To perform a database restore, you will use the cubrid restoredb utility or the CUBRID Manager client.
CUBRID restoredb utility
The cubrid restoredb utility restores the database from a database backup, by using the information written to all active and archive logs, since the execution of the last backup.
>cubrid restoredb [ options ] database_name [ options ] -d | -B | -l | -p | -o | -u | --up-to-date | --backup-file-path | --level | --partial-recovery | --output-file | --replication-mode | --use-database-location-path | --list
For a successful restore, you must prepare backup files, active log files and archive log files. This command can be performed only in standalone mode.
The following table shows options that can be used with cubrid restoredb. Note that the options are case sensitive.
|Sets the time back when to restore the database or specifies the backuptime keyword.|
|Specifies the folder or the device name where backup files are located.|
|Sets the recovery level to 0, 1 or 2. The default value is a full recovery (0).|
|Performs a partial recovery.|
|Specifies the name of the file where recovery information is to be displayed.|
|Recovers the database to the path specified in the database location file (databases.txt).|
|--list||Displays information about backup volumes of the database on the screen.|
In this section we will present various examples of using the restoredb utility.
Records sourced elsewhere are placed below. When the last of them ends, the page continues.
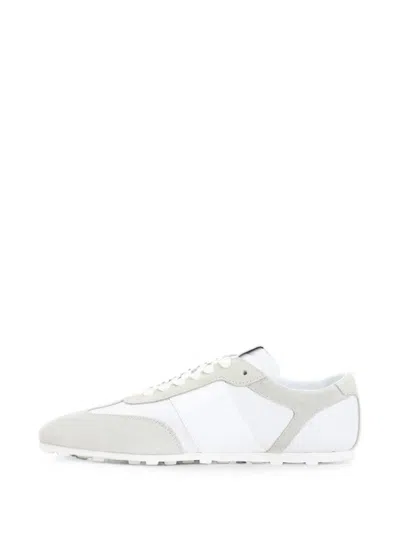 Marni Lily White Light Grey Leather Sneakers In White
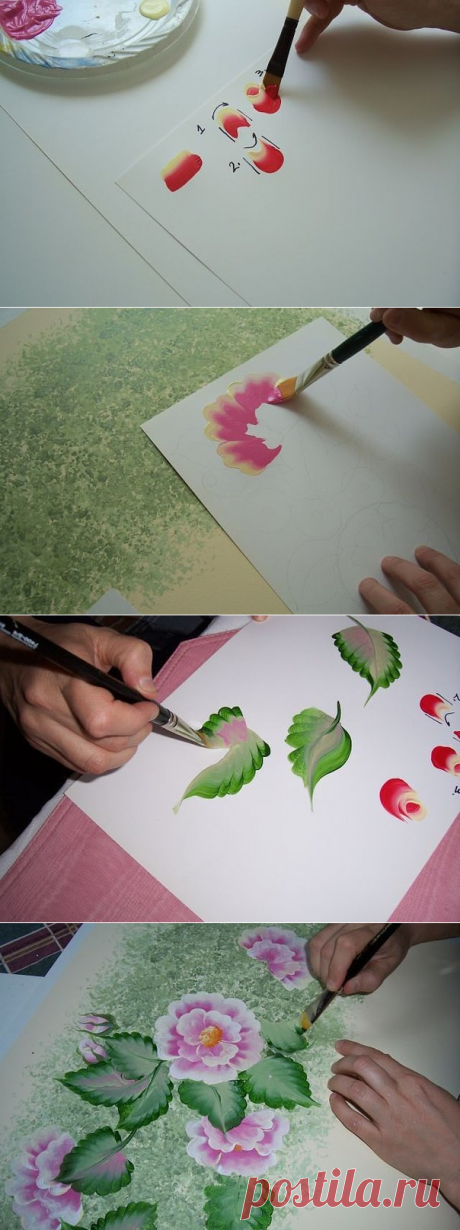 Творческий порыв
рисуем цветы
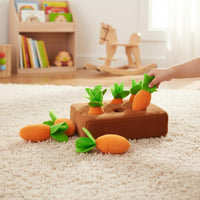Develops Fine Movement Skills Carrot Pulling Game Educational Carrot Harvesting Toy Chew-Safe Soft Material for Toddlers, Babies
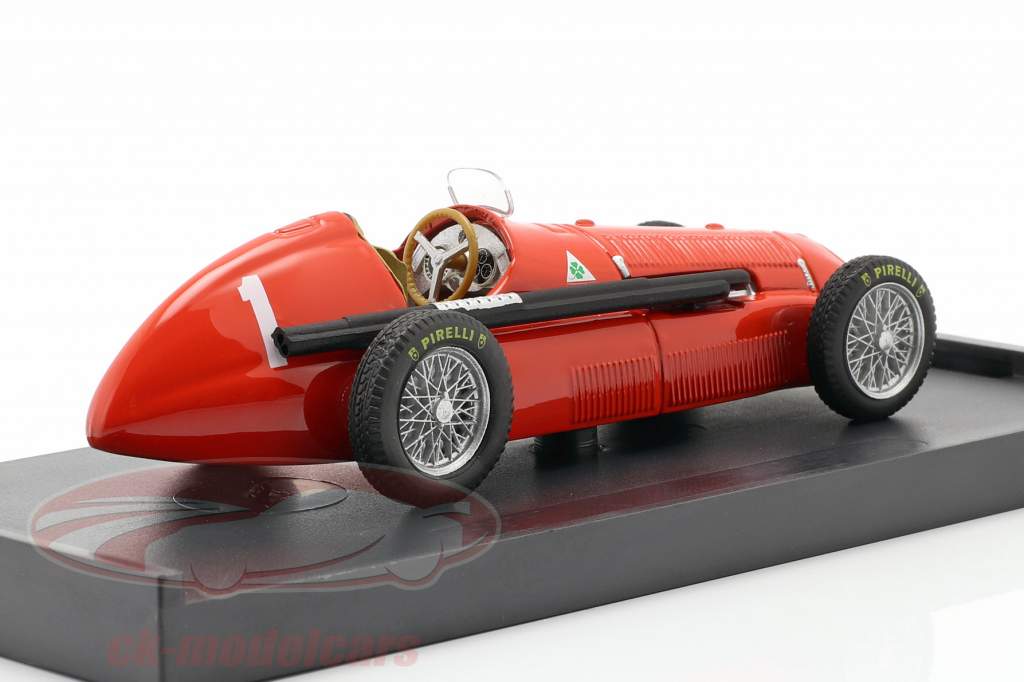 Juan Manuel Fangio Alfa Romeo 158 #1 Storbritanien GP formel 1 1950 1:43 Brumm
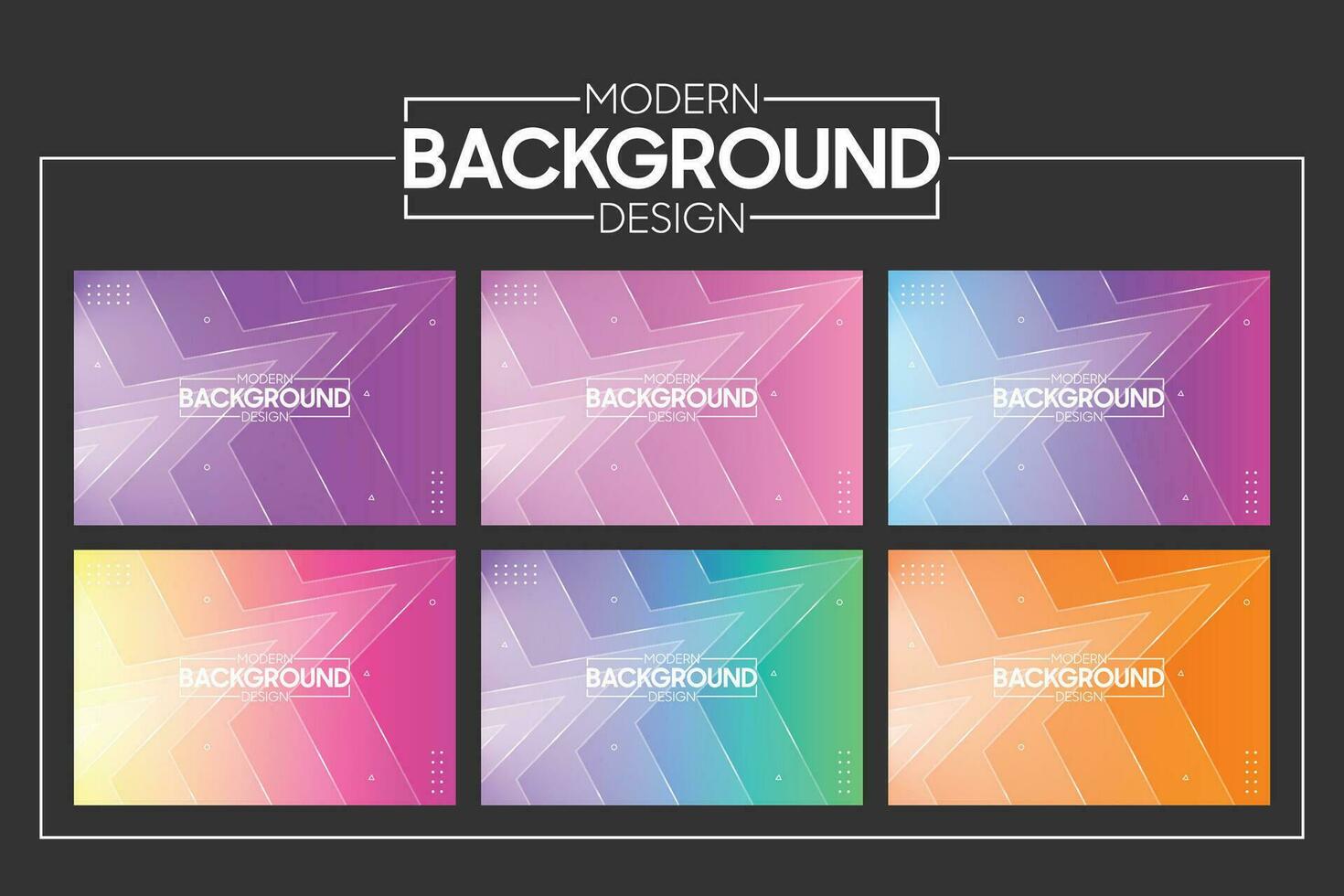 Vector abstract wave line colorful landing page flat background vector design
Performing a recovery by specifying a recovery point (-d or --up-to-date)
The following command recovers demodb. If no option is specified, demodb is recovered to the point of the last commit by default. If no active/archive log files are required to recover to the point of the last commit, the database is recovered only to the point of the last backup.
Note: If the -D option is not specified, backup files are stored in the folder specified in the databases.txt file.
>cubrid restoredb demodb
demodb can be recovered to the given point by using the -d option and the syntax which specifies the date and time of the recovery. The user can specify the recovery point manually in the dd-mm-yyyy:hh:mm:ss (e.g. 14-10-2010:14:10:00) format. If no active log/archive log files are required to recover to the point specified, the database is recovered only to the point of the last backup.
>cubrid restoredb -d 14-10-2010:14:10:00 demodb
The following syntax specifies the recovery point by using the -d option and the backuptime keyword and recovers demodb to the point of the last backup.
>cubrid restoredb -d backuptime demodb
Performing a recovery by specifying the directory path to the backup files (-B or --backup-file-path)
You can specify the directory where backup files are to be located by using the -B option. If this option is not specified, the system retrieves the backup information file (dbname_bkvinf) generated upon a database backup; the backup information file in located in the log_path directory specified in the database location information file (databases.txt). And then it searches the backup files in the directory path specified in the backup information file. However, if the backup information file has been damaged or the location information of the backup files has been deleted, the system will not be able to find the backup files. Therefore, the administrator must manually specify the directory where the backup files are located by using the -B option.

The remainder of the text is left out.